A quem ainda é necessário mostrar quais são as extraordinárias capacidades de popularização do cinema?


O baixo custo e a simplicidade técnica de reprodução dos espetáculos cinematográficos, a perfeição técnica de uma lente para a qual nada é proibido, onde o olho humano pode ver tudo, mesmo equipado de dispositivos telescópicos e microscópicos (em breve será permitido acessar tudo o que a mente imagina), combinados à liberdade excepcional de montar ao seu gosto os elementos do material fotografado – tudo isso torna o cinema uma incontestável arte de massa, a arte mais popular que se pode encontrar.

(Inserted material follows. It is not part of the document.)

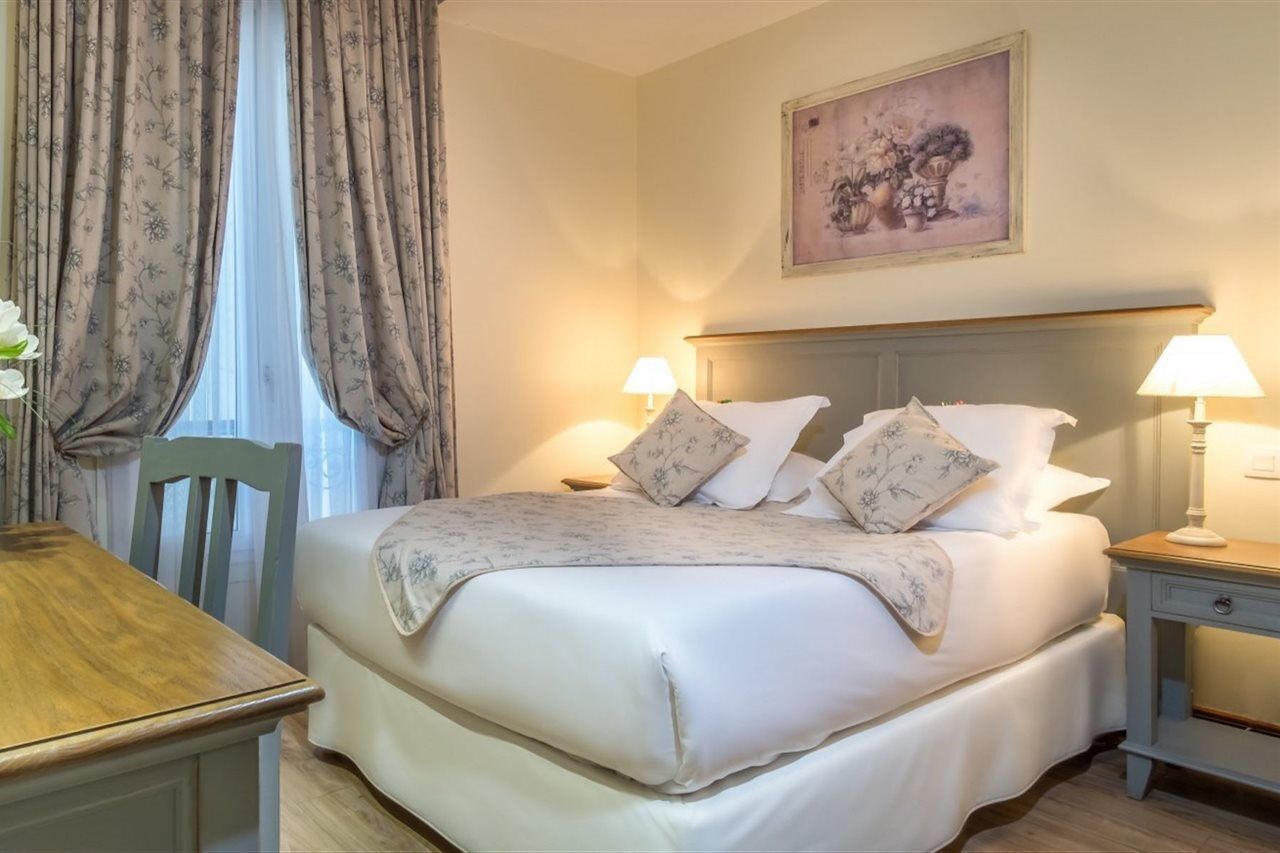 Waldorf Montparnasse Hotel 3*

Não só cada habitante da cidade tem a total oportunidade de desfrutar de um espetáculo de cinema na noite que lhe convém, assim como o cinema também pode adentrar amplamente pelo campo. Nos Estados Unidos, a rede de cinemas estende-se a todas as comunidades, a qualquer fazenda isolada. Há toda uma rede de instalações sonoras próximas e baratas. Em nossas aldeias, muitas espalhada pelo país, no nosso meio rural ainda pobre e infinitamente grande, não perdemos de todo a esperança de desenvolver uma rede gigantesca de cinemas, graças principalmente a um equipamento de projeção itinerante.


Tudo isso faz do cinema um grande educador concreto, um grande “testemunho” para milhões de pessoas.


Evidentemente, o rádio pode, em certa medida, disputar com o cinema. Se ele também provier do campo artístico, podemos disponibilizar através dele os elementos de criação artística; isso acontecerá apenas se ele usar métodos ou formas de criação estética atuando como importante instrumento de difusão na transmissão sonora de informações científicas e artísticas.


O cinema, por sua parte, é uma arte autêntica, independente: ele mesmo cria o seu próprio material, em parte com métodos específicos, sem dever muito às artes figurativas e ao teatro, com os quais mantém relações de parentesco.


Mesmo que o cinema tenha relação com um ou outro tema científico e tecnológico, não deixa de ser uma arte, pois ele não só mobiliza uma propriedade artística, ao colocar em cena um plano demonstrativo (uma história “montada em espetáculo”, poderíamos dizer), mas também a pintura em si, em seu movimento claro-escuro. Os filmes científicos e técnicos não só devem ser montados de maneira cativante e clara até à transparência, mas cada plano pode e deve ser de alguma forma um quadro original em “claro-escuro” [1]. E quanto mais original ele for, mais notável será, mais deixará traços importantes na totalidade das produções cinematográficas.


Em grande medida, isso também diz respeito ao noticiário. A escolha do material jornalístico, a montagem dos vários episódios que compõem as crônicas, com base em similaridades ou contrastes, criam algo semelhante às últimas notícias de folhetim, a cujo conteúdo o próprio folhetinista não é totalmente indiferente pois “traz” seus próprios pontos de vista. E finalmente, a apresentação de cada cena. Tudo isso diz respeito a uma arte que requer conhecimentos e um saber técnico específico.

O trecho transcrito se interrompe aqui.